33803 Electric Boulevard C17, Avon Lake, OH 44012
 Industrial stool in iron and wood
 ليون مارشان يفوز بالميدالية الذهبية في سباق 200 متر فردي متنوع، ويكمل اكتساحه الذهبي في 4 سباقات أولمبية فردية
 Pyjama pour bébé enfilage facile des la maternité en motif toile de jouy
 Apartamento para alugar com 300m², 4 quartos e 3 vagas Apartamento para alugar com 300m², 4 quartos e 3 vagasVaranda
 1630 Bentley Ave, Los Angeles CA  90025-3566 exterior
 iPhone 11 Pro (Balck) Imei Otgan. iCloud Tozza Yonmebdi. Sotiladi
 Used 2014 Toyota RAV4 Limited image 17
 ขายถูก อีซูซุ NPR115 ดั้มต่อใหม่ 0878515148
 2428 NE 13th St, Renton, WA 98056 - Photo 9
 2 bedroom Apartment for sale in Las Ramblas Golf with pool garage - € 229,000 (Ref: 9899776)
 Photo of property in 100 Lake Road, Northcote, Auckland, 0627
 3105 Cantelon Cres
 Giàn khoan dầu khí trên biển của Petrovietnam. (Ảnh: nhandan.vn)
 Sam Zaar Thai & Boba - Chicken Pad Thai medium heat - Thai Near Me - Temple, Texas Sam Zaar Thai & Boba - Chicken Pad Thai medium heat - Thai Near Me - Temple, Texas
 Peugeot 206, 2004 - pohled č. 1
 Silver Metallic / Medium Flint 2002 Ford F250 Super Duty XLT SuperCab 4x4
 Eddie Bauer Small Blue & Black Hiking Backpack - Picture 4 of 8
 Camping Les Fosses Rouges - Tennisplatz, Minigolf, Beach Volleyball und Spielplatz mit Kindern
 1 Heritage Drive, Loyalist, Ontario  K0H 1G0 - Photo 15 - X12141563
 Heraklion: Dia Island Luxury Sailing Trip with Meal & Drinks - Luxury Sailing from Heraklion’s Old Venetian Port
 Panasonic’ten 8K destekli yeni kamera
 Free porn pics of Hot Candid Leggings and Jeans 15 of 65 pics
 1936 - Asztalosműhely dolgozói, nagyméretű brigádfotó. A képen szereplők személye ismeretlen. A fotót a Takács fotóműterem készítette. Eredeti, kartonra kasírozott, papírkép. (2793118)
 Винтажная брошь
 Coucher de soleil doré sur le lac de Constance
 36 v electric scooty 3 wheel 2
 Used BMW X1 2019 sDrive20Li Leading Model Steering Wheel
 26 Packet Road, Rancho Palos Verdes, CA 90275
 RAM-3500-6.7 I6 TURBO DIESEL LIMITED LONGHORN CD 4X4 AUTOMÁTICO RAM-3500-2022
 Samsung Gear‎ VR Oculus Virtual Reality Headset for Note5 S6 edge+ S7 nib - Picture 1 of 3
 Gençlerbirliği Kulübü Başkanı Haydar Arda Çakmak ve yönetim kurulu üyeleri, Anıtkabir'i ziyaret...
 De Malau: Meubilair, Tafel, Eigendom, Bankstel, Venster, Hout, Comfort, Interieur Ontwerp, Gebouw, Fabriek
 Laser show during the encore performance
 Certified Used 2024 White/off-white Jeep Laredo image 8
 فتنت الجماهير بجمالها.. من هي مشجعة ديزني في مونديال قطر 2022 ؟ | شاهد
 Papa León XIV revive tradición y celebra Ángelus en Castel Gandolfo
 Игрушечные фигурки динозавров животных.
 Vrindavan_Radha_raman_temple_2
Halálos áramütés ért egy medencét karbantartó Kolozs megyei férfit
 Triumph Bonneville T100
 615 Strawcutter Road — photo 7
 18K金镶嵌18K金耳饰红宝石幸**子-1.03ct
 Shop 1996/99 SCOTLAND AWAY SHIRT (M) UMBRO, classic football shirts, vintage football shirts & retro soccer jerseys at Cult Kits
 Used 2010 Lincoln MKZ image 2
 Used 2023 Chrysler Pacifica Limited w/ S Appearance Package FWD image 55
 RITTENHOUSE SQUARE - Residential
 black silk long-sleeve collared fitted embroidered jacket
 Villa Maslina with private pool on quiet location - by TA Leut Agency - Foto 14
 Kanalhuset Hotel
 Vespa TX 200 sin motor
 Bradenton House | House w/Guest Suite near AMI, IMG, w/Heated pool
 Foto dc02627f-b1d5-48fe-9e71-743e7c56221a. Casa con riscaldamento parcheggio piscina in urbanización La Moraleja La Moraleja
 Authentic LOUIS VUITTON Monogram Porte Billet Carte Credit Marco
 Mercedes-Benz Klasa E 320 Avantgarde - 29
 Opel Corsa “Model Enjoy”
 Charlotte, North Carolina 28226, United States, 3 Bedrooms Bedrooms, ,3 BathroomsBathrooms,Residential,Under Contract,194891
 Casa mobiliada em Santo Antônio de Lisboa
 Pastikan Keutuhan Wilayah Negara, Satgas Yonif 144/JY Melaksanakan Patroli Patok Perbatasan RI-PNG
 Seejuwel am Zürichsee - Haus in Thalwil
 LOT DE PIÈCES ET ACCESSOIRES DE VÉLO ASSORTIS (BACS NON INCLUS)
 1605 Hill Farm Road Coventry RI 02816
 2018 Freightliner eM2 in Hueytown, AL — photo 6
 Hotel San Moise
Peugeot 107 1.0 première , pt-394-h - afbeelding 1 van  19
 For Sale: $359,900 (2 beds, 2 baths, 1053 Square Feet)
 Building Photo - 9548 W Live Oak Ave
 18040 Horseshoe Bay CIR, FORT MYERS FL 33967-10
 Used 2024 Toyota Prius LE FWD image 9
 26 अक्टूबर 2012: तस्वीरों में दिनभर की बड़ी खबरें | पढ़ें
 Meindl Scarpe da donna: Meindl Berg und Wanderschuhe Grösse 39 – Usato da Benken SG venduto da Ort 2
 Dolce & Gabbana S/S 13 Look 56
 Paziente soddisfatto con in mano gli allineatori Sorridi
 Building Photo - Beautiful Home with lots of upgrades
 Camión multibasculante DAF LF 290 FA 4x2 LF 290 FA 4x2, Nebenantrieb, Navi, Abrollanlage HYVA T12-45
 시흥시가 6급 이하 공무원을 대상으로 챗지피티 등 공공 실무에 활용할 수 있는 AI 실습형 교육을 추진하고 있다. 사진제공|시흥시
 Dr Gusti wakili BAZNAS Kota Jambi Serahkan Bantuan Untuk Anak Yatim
..........
### ACTION ITEM
Both end lines included, restate word for word the lines above from the line with "e 3 vagasVaranda" to the line with "Giàn khoan dầu", and nothing else.

### EXERCISE RESPONSE
 Apartamento para alugar com 300m², 4 quartos e 3 vagas Apartamento para alugar com 300m², 4 quartos e 3 vagasVaranda
 1630 Bentley Ave, Los Angeles CA  90025-3566 exterior
 iPhone 11 Pro (Balck) Imei Otgan. iCloud Tozza Yonmebdi. Sotiladi
 Used 2014 Toyota RAV4 Limited image 17
 ขายถูก อีซูซุ NPR115 ดั้มต่อใหม่ 0878515148
 2428 NE 13th St, Renton, WA 98056 - Photo 9
 2 bedroom Apartment for sale in Las Ramblas Golf with pool garage - € 229,000 (Ref: 9899776)
 Photo of property in 100 Lake Road, Northcote, Auckland, 0627
 3105 Cantelon Cres
 Giàn khoan dầu khí trên biển của Petrovietnam. (Ảnh: nhandan.vn)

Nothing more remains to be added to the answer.